FDP-Fraktionschefin Katja Suding kritisierte, dass Scholz direkt nach den Haushaltsberatungen der Bürgerschaft mit der Nachforderung für die Elbphilharmonie kommt. "Das ist wieder mal intransparente Machtpolitik à la Scholz an der Bürgerschaft vorbei", sagte Suding, die dem Bürgermeister "Scheckbuch-Mentalität" vorwarf. "Gutes Krisenmanagement sieht anders aus."

SPD-Fraktionschef Andreas Dressel verteidigte den Kurs des Senats. "Eine wirkliche Alternative zum eingeschlagenen Weg hat bisher keine der Oppositionsfraktionen aufgezeigt", sagte Dressel. Die Bürgerschaft werde ausreichend Zeit haben, alle Fragen zu erörtern und zu klären. "Das ist angesichts der kaum erträglichen Belastungen für den Steuerzahler selbstverständlich", sagte der SPD-Politiker.

Für die SPD-Fraktion sei die Fertigstellung der Elbphilharmonie in städtischer Regie "keineswegs die risikoärmere Variante". Der fertig ausgearbeitete Vertrag mit Hochtief werde der Bürgerschaft zur Abstimmung vorgelegt. Die CDU hat schon angekündigt, "ihre parlamentarischen Möglichkeiten im Sinne der vielen Hamburger zu nutzen, die jetzt wissen wollen, wer die Verantwortung für die gravierenden Kostensteigerungen und die mehrjährige Bauzeitverzögerung nach dem Regierungswechsel trägt".

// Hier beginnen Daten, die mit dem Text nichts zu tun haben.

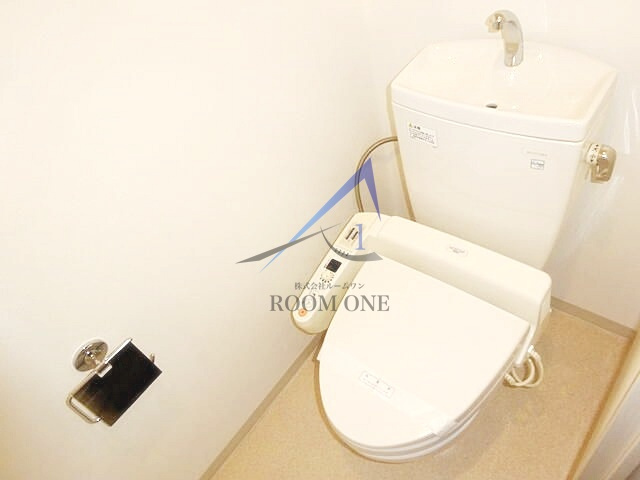 デュオ・スカーラ新宿Ⅱのトイレ|トイレです。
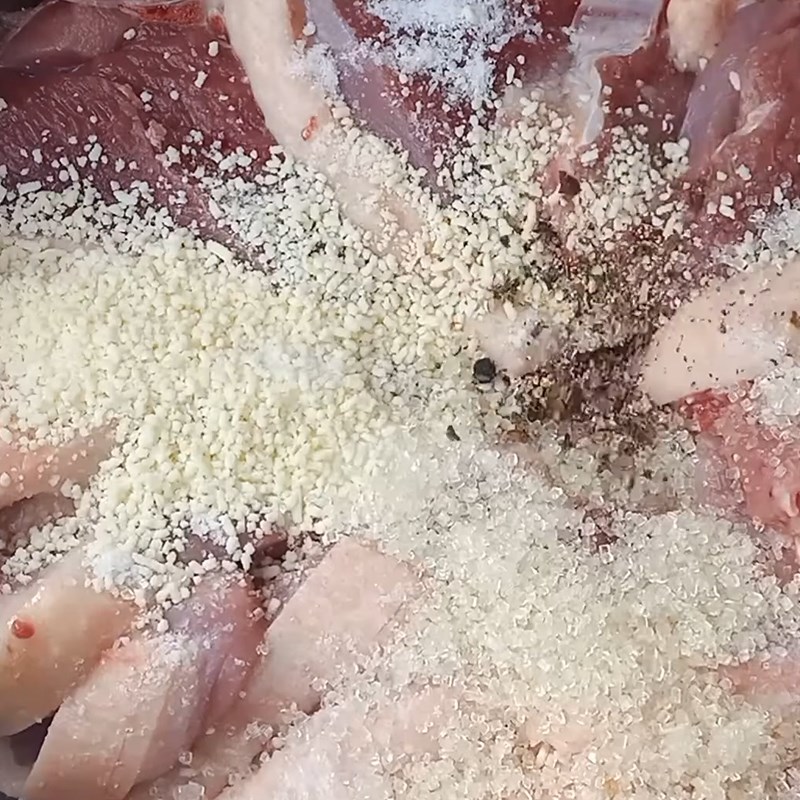 Bước 3 Ướp thịt vịt Canh vịt hầm đu đủ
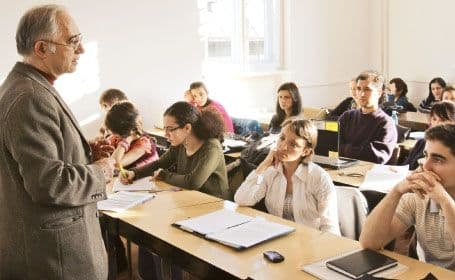 Ce nu îți spun profesorii din facultate despre piaţa muncii reală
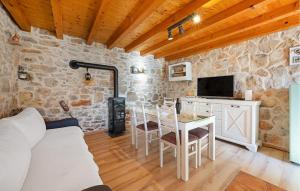 One-Bedroom Holiday Home In Konjevrate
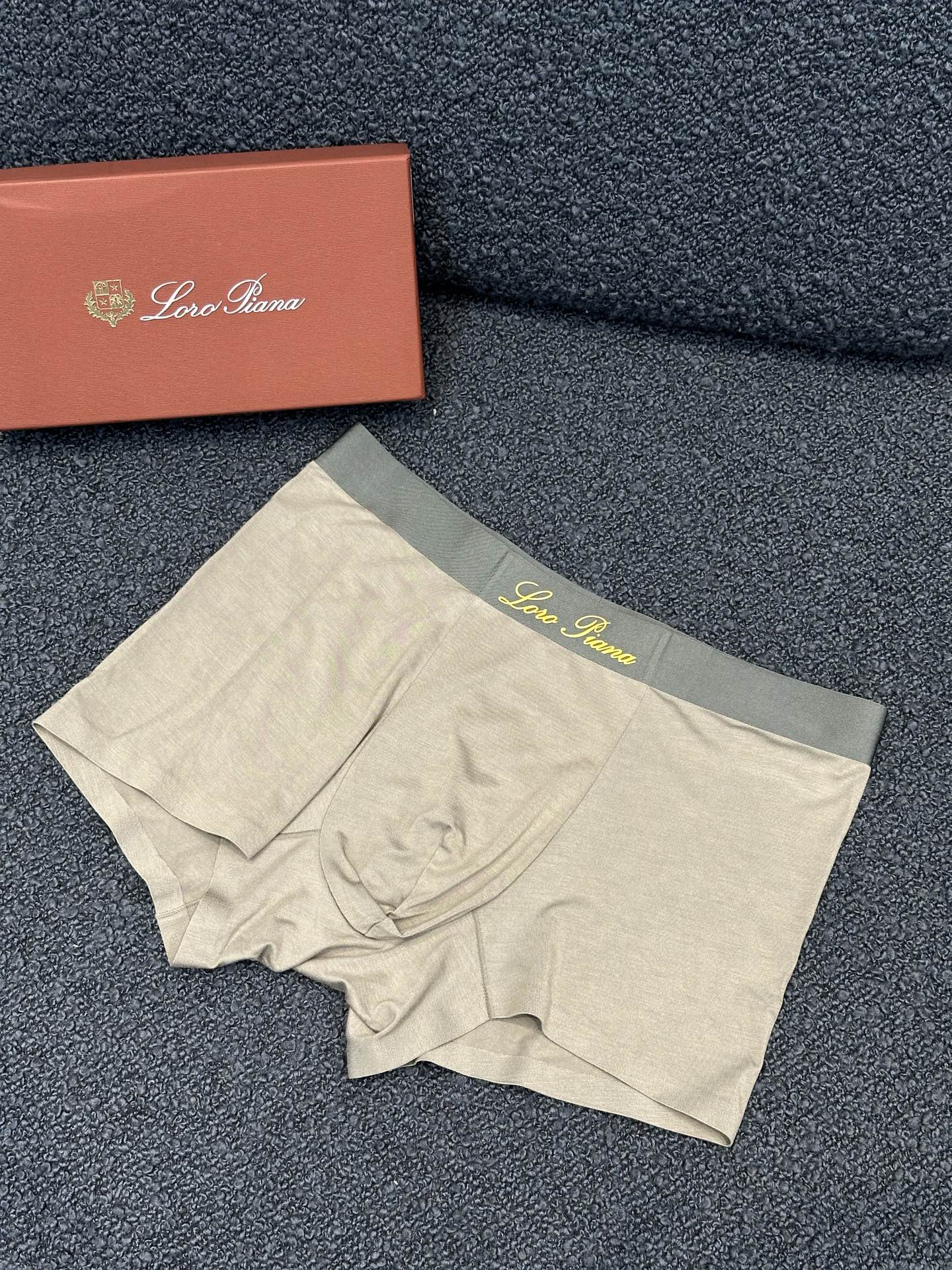 诺悠翩雅 Loro Piana 奢华高定外套服装 #iodg 8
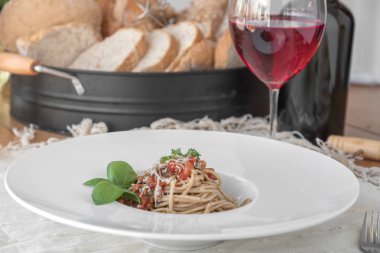 Gıda kompozisyon lezzetli ile tepesinde spagetti sosu ve fesleğen masada bolognaise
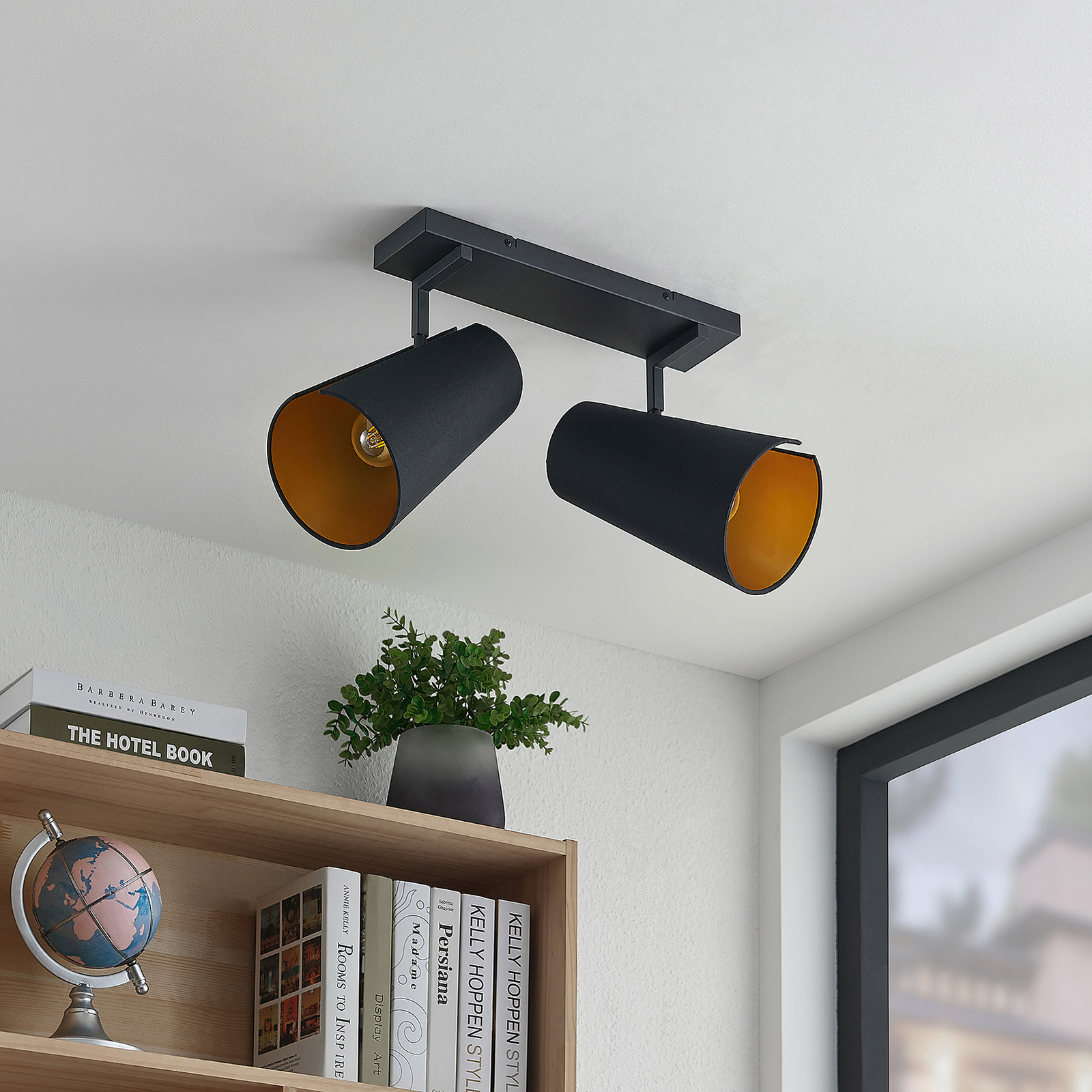 Lucande Kemoni -seinävalaisin, 2-lamppuinen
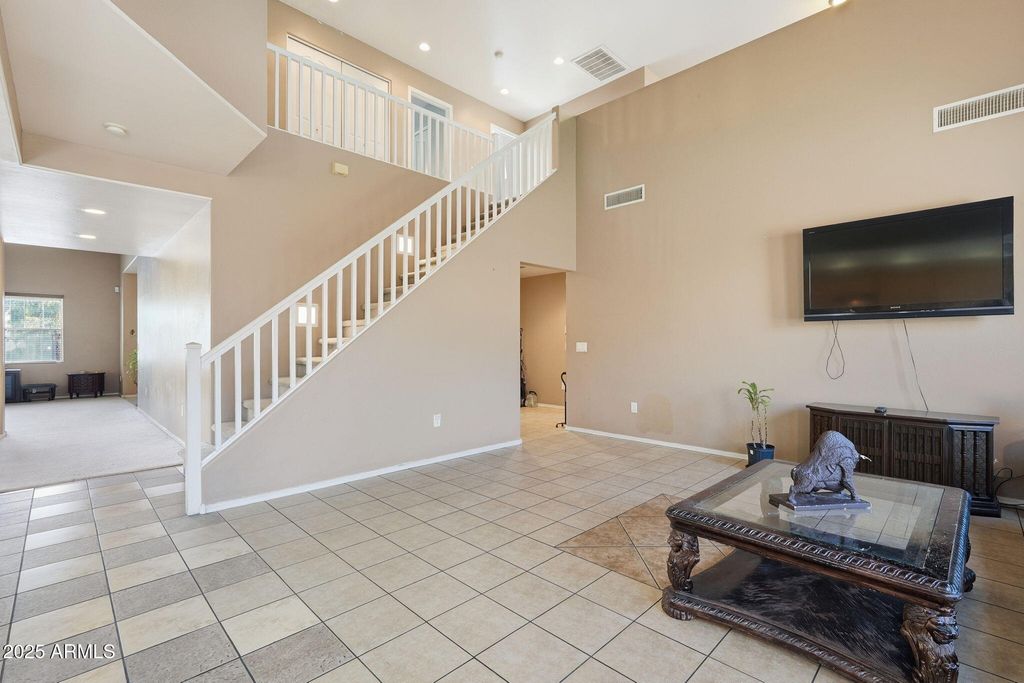 6826 S 41ST Drive, Phoenix, AZ 85041 — photo 5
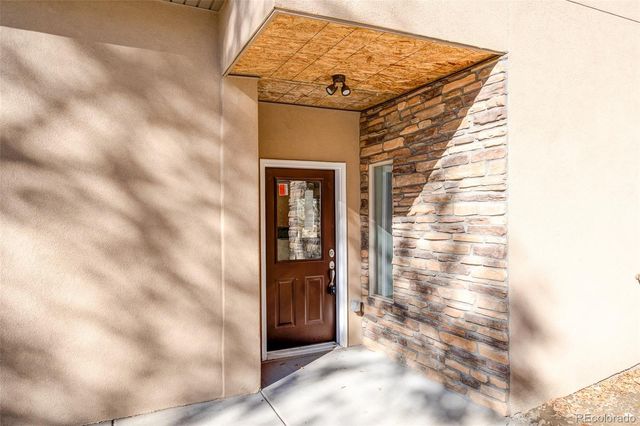 818 E Cucharras, Colorado Springs, CO 80903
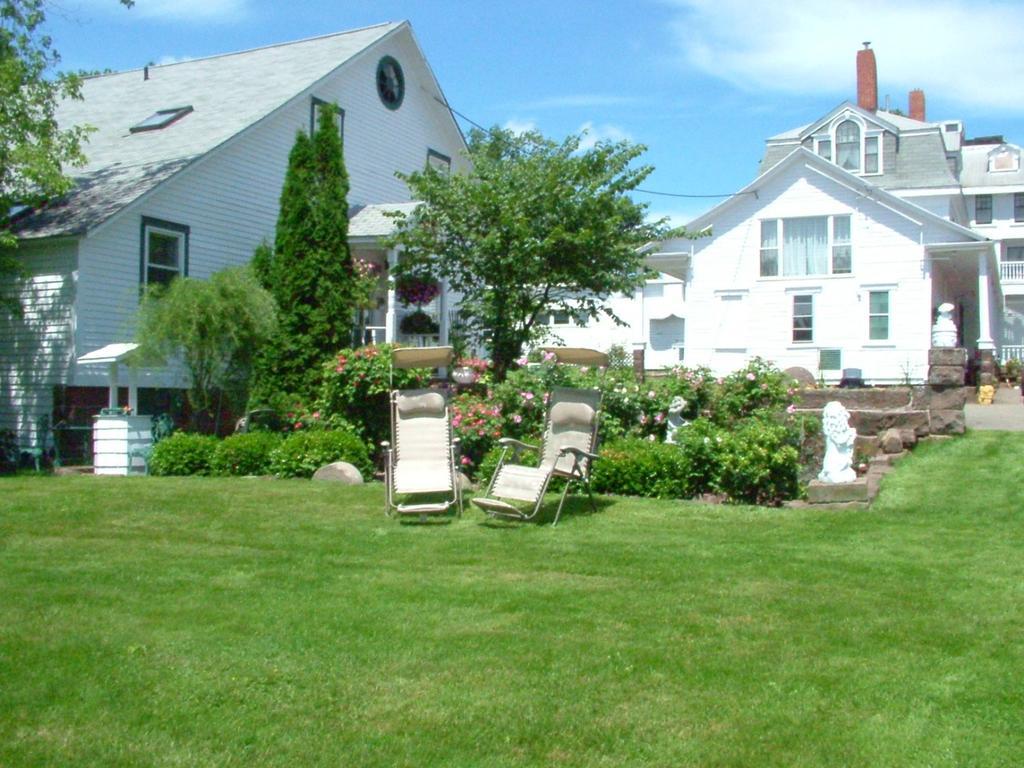 Marshlands Inn 14/15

Elbphilharmonie-Generalintendant Christoph Lieben-Seutter reagierte gelassen auf die erneute Verschiebung des Eröffnungstermins. "Ich habe mich mit meinem Team schon seit Längerem darauf eingestellt, dass wir noch einige Jahre ohne Elbphilharmonie vor uns haben", sagte Lieben-Seutter. Er gehe davon aus, dass sein 2015 auslaufender Vertrag "mindestens bis 2018" verlängert werde.